▶ PROBLEM REQUIREMENTS:
From the line that contains "Garlock Blue-Gard 3000" down to the final line below, please repeat each line exactly and nothing more, with no pictures.

::: EXTRACTED INFORMATION

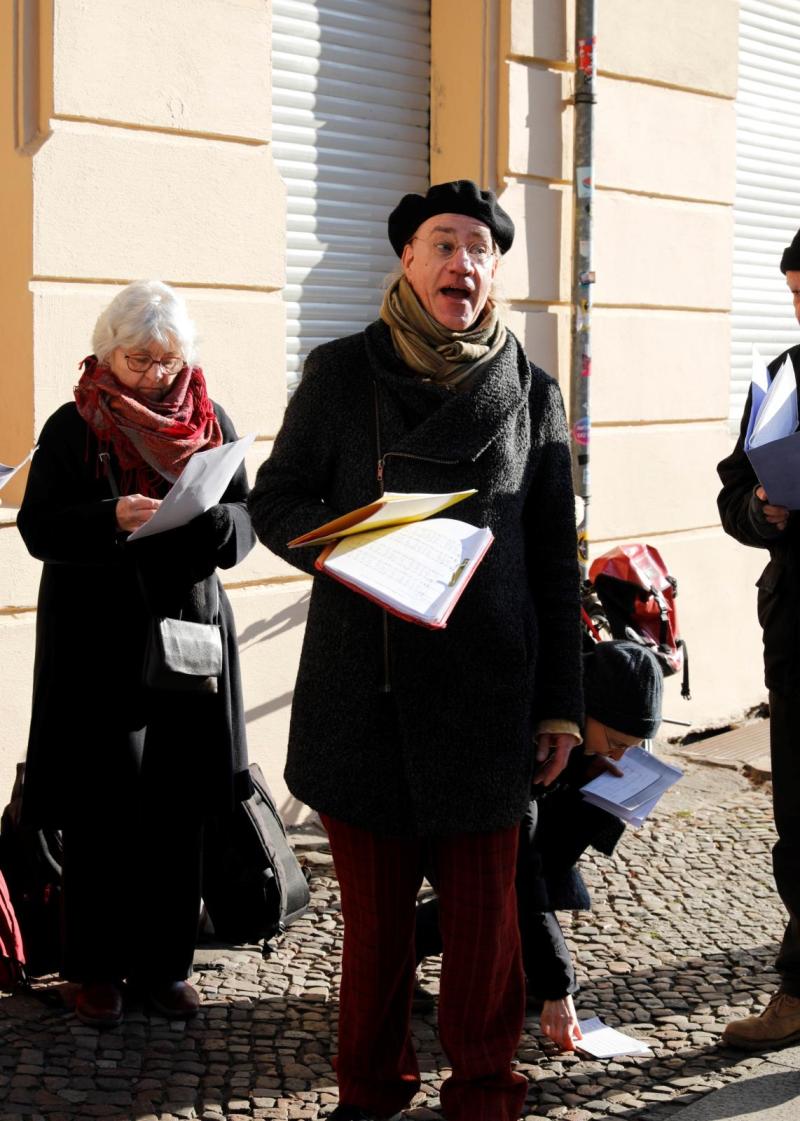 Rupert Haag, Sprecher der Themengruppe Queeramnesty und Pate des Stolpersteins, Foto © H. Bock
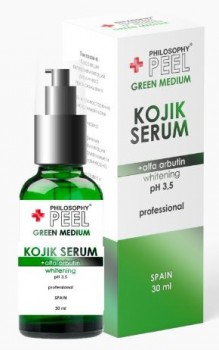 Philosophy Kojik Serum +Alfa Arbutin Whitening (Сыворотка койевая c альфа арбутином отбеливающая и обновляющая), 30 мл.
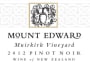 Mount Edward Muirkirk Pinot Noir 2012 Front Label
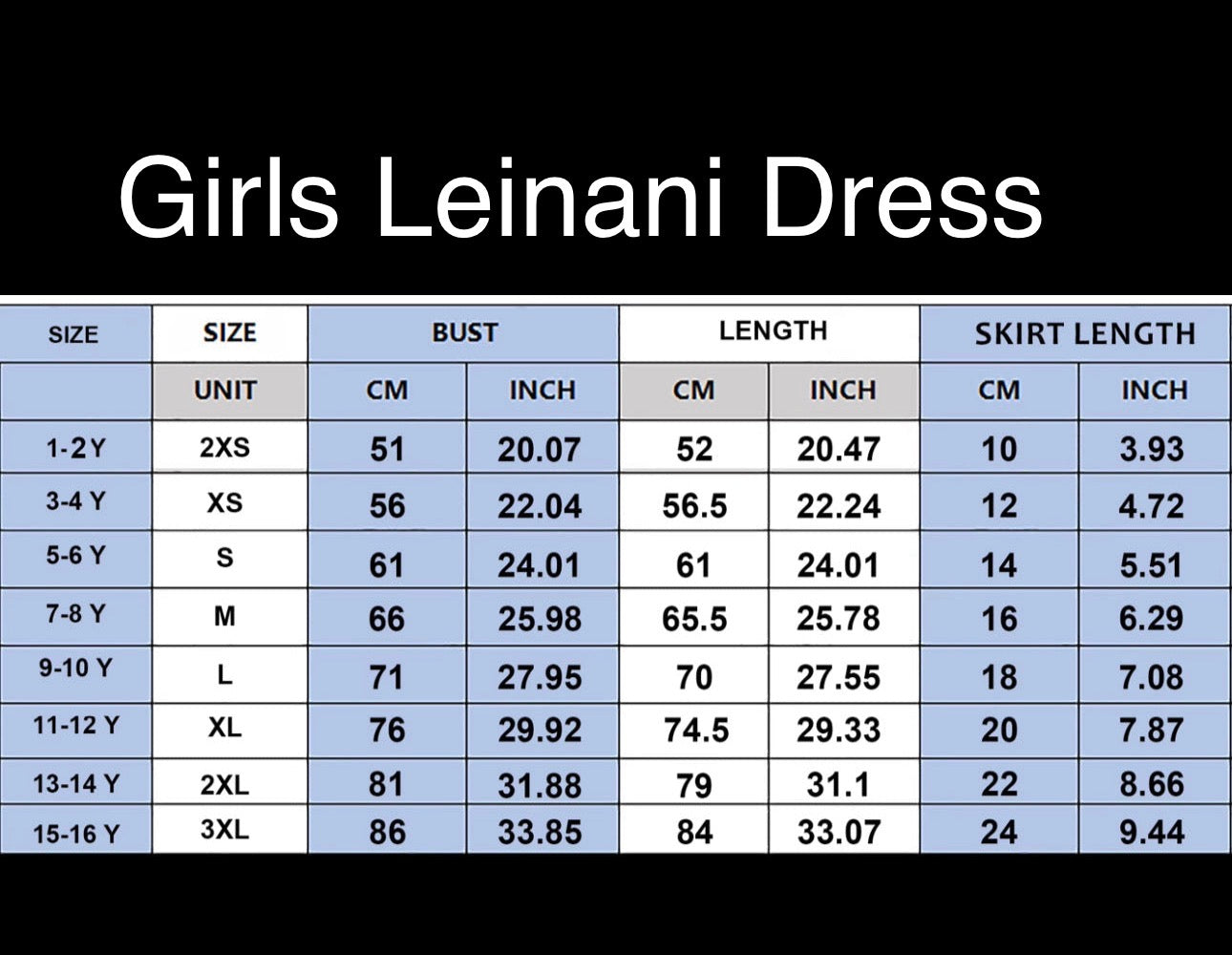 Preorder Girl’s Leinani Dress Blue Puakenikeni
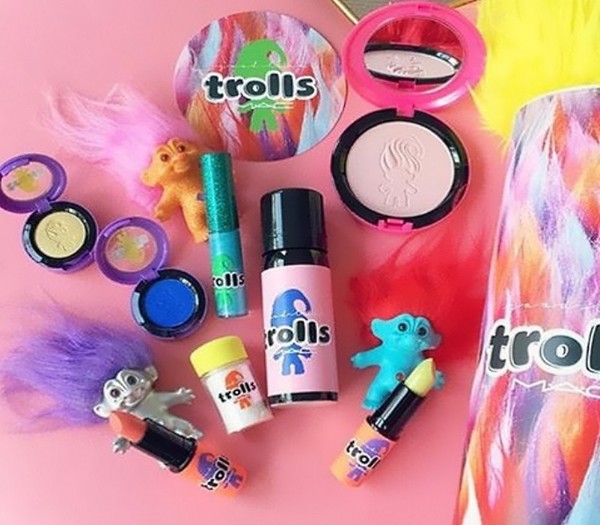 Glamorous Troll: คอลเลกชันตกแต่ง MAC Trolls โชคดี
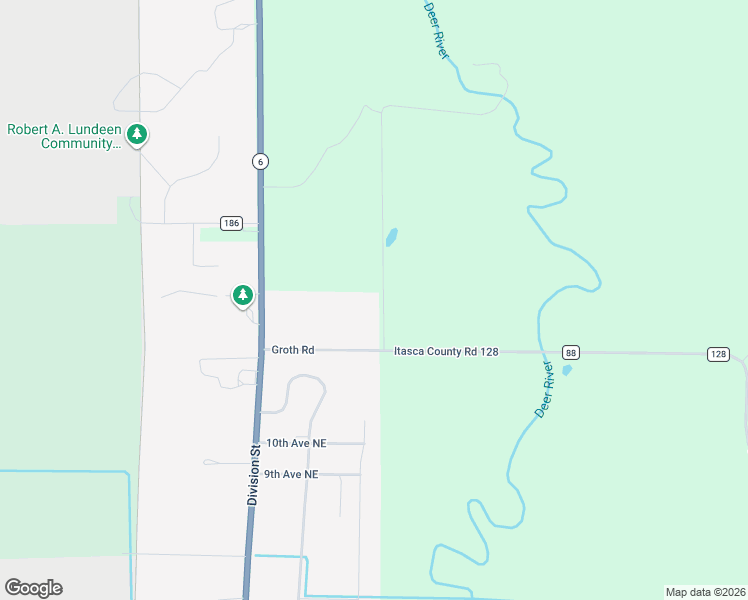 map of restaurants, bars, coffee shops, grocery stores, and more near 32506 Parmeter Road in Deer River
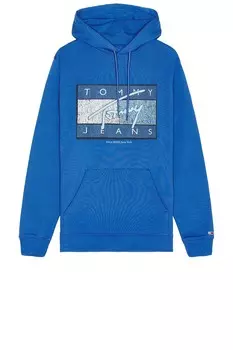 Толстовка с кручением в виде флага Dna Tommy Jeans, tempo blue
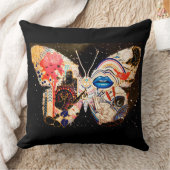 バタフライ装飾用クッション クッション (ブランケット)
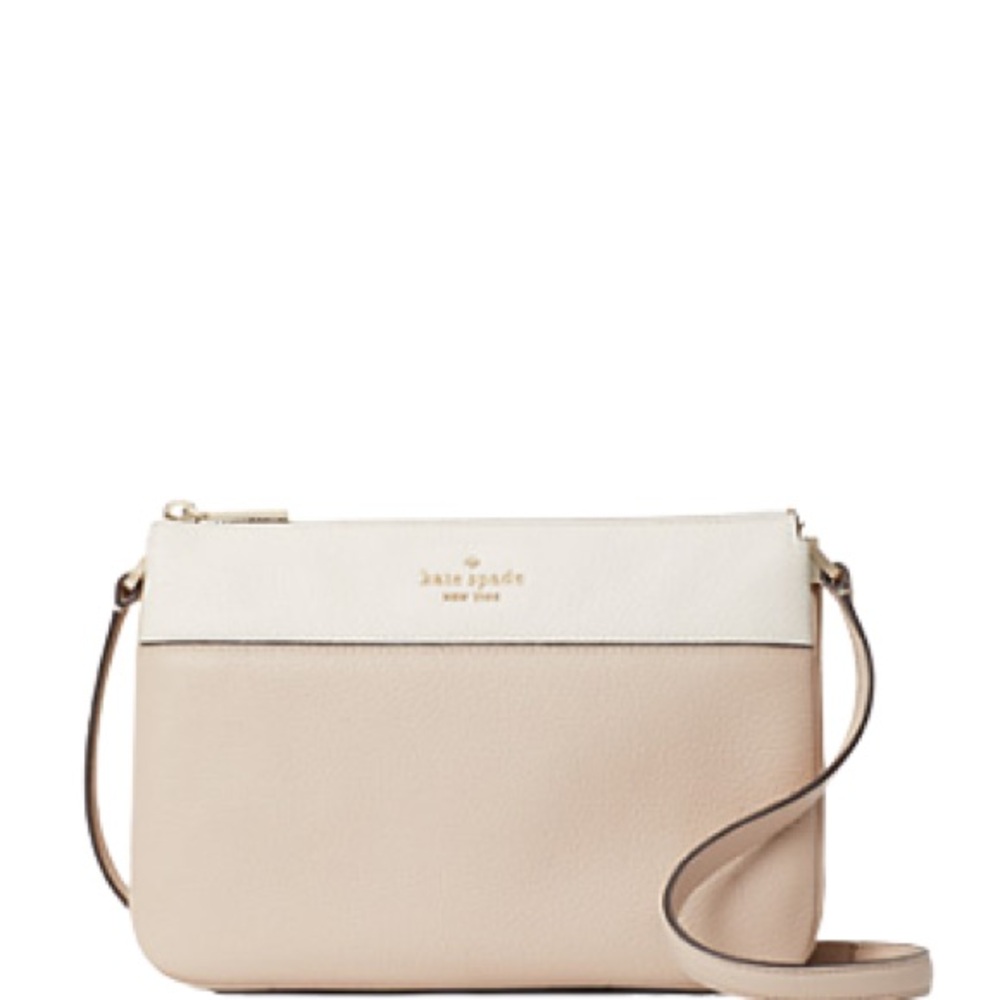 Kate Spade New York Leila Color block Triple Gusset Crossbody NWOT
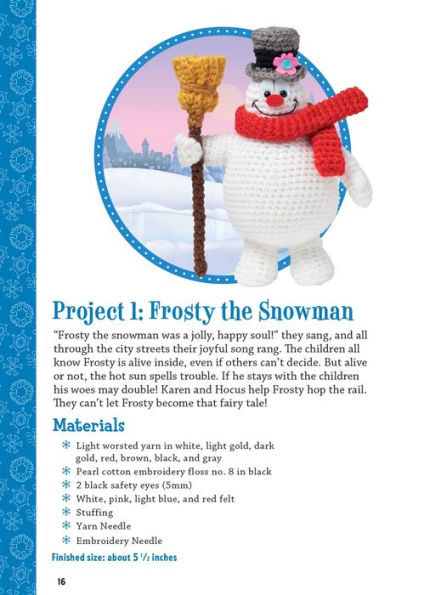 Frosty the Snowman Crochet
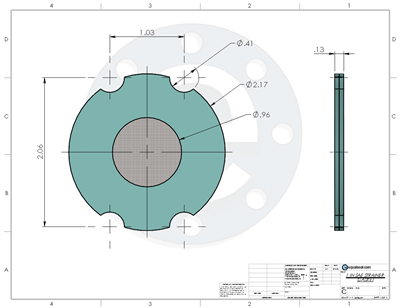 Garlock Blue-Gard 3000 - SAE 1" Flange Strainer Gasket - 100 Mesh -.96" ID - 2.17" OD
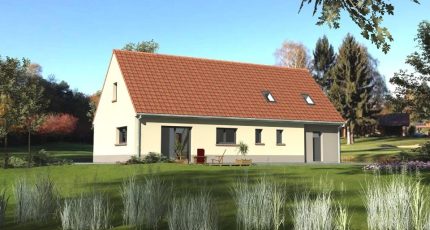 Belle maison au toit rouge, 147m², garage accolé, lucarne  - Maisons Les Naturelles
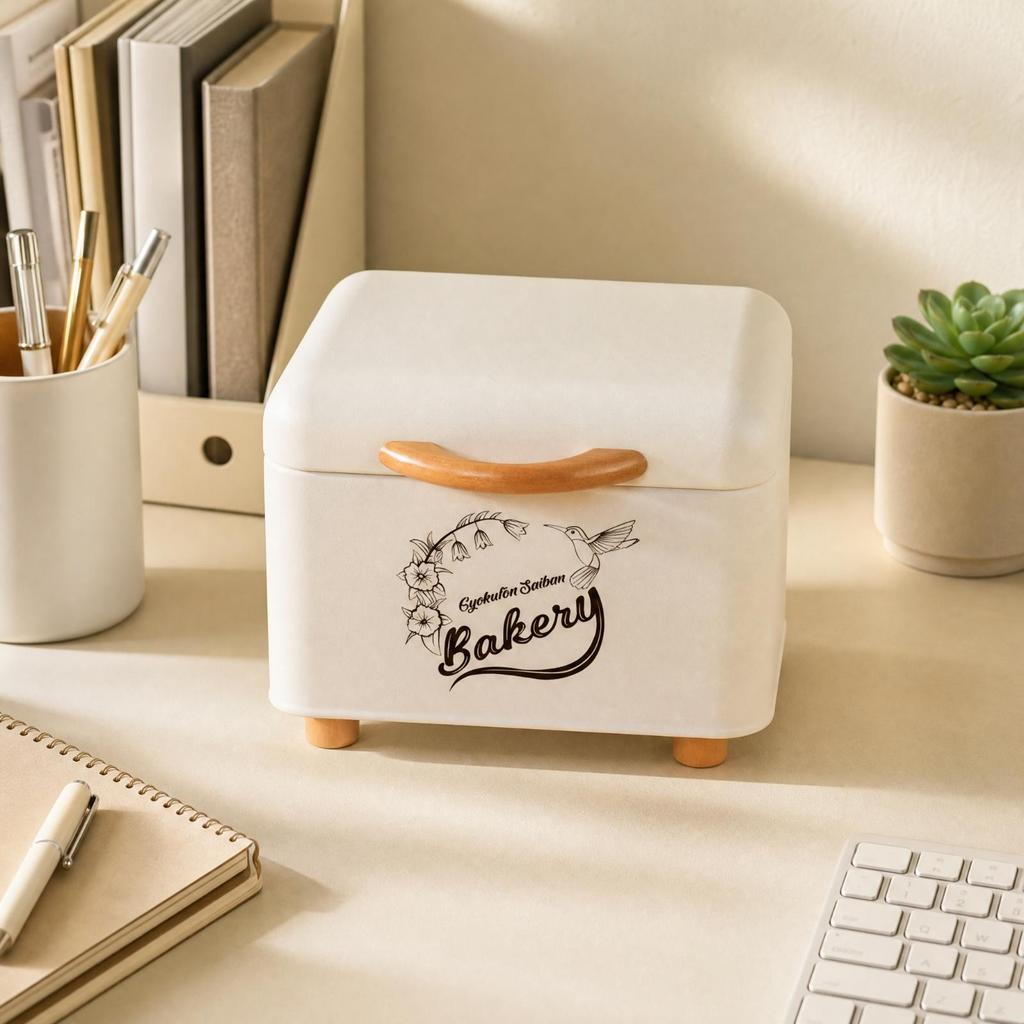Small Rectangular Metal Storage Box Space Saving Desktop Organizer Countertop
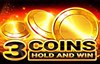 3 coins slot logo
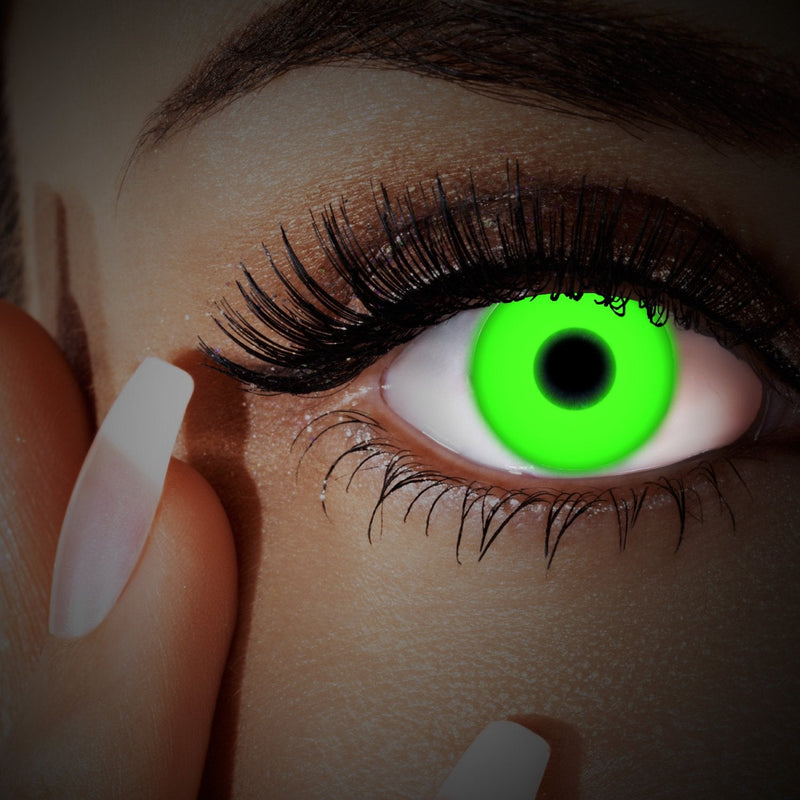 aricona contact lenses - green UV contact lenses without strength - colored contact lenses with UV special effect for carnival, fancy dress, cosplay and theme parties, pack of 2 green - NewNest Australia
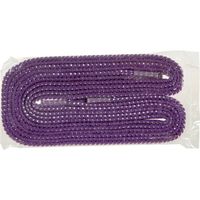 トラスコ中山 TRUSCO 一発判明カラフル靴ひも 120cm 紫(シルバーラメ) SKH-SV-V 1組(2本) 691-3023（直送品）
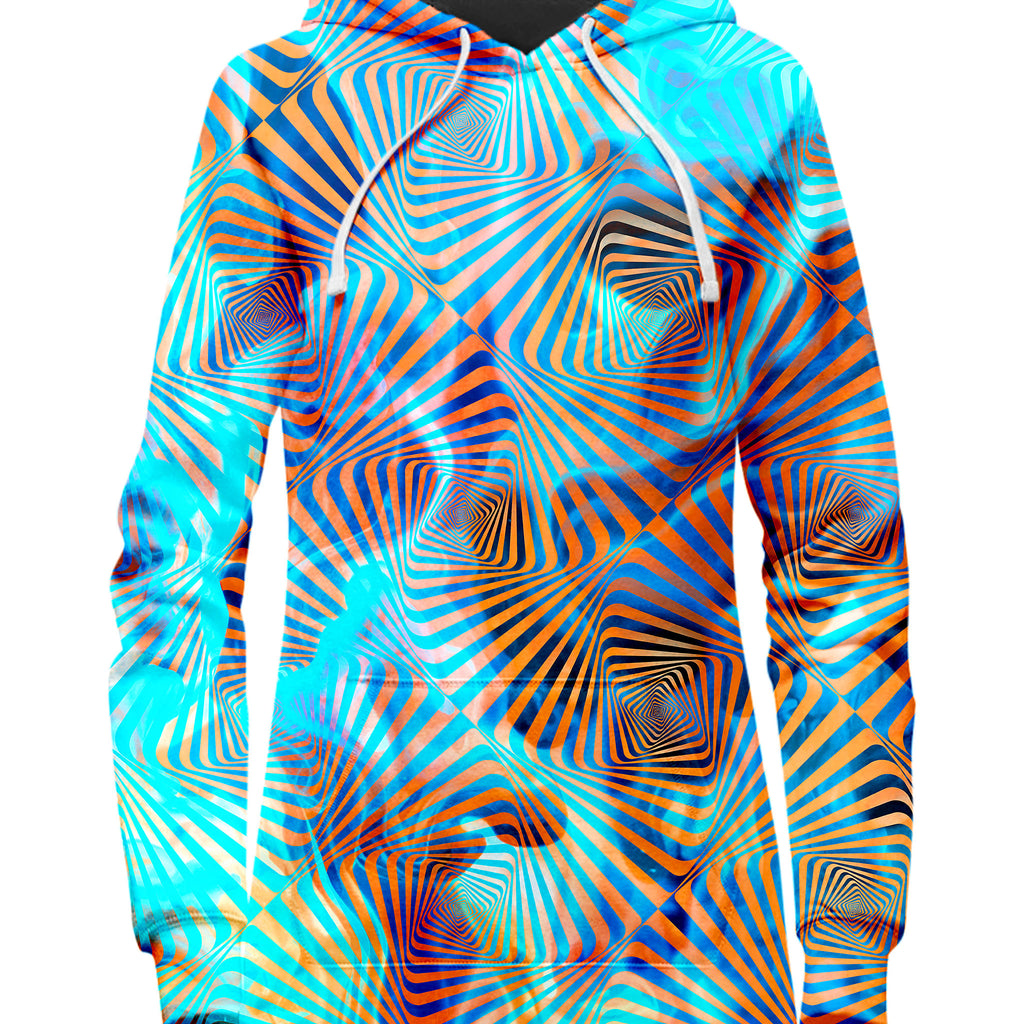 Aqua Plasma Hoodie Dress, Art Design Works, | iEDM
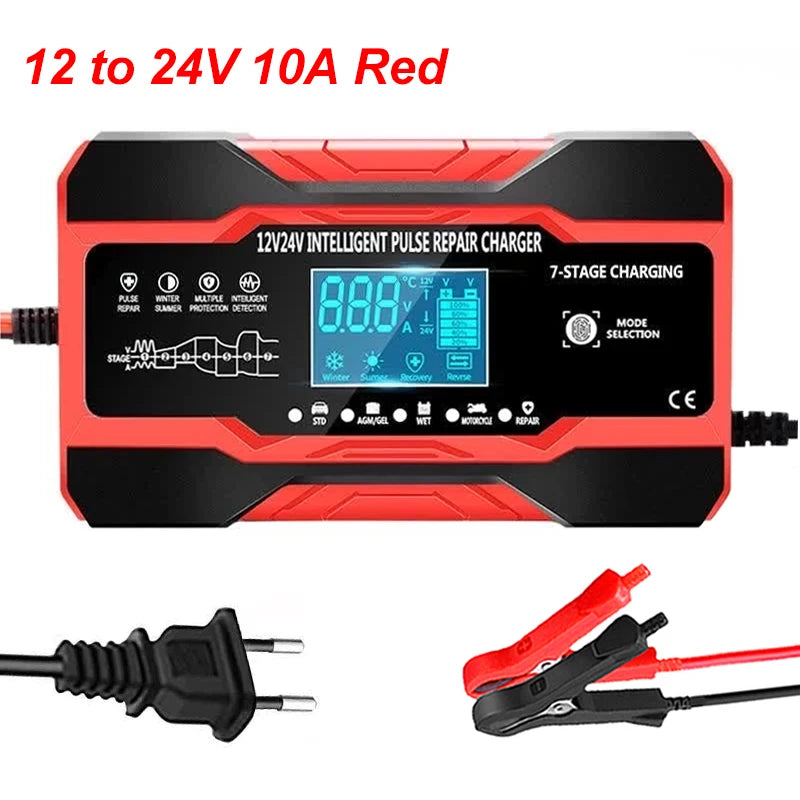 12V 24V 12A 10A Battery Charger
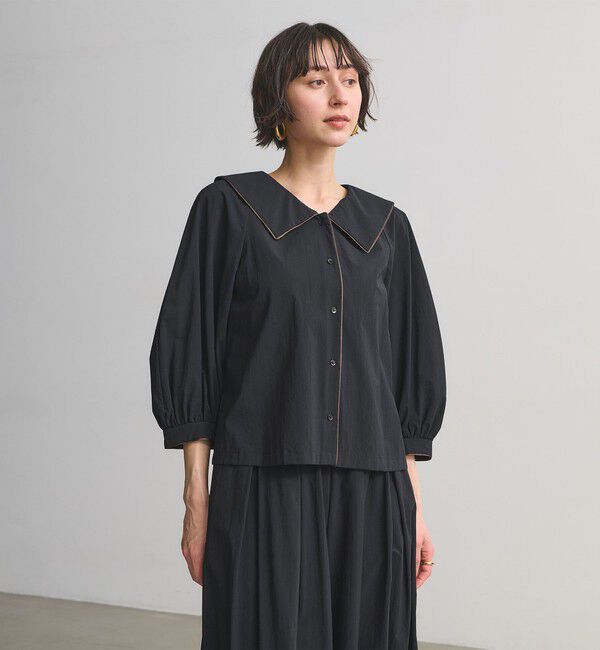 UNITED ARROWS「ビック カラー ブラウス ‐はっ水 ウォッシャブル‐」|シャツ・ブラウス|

::::::

▶ EXERCISE RESULT:
 Garlock Blue-Gard 3000 - SAE 1" Flange Strainer Gasket - 100 Mesh -.96" ID - 2.17" OD
 Belle maison au toit rouge, 147m², garage accolé, lucarne  - Maisons Les Naturelles
Small Rectangular Metal Storage Box Space Saving Desktop Organizer Countertop
 3 coins slot logo
 aricona contact lenses - green UV contact lenses without strength - colored contact lenses with UV special effect for carnival, fancy dress, cosplay and theme parties, pack of 2 green - NewNest Australia
 トラスコ中山 TRUSCO 一発判明カラフル靴ひも 120cm 紫(シルバーラメ) SKH-SV-V 1組(2本) 691-3023（直送品）
 Aqua Plasma Hoodie Dress, Art Design Works, | iEDM
 12V 24V 12A 10A Battery Charger
 UNITED ARROWS「ビック カラー ブラウス ‐はっ水 ウォッシャブル‐」|シャツ・ブラウス|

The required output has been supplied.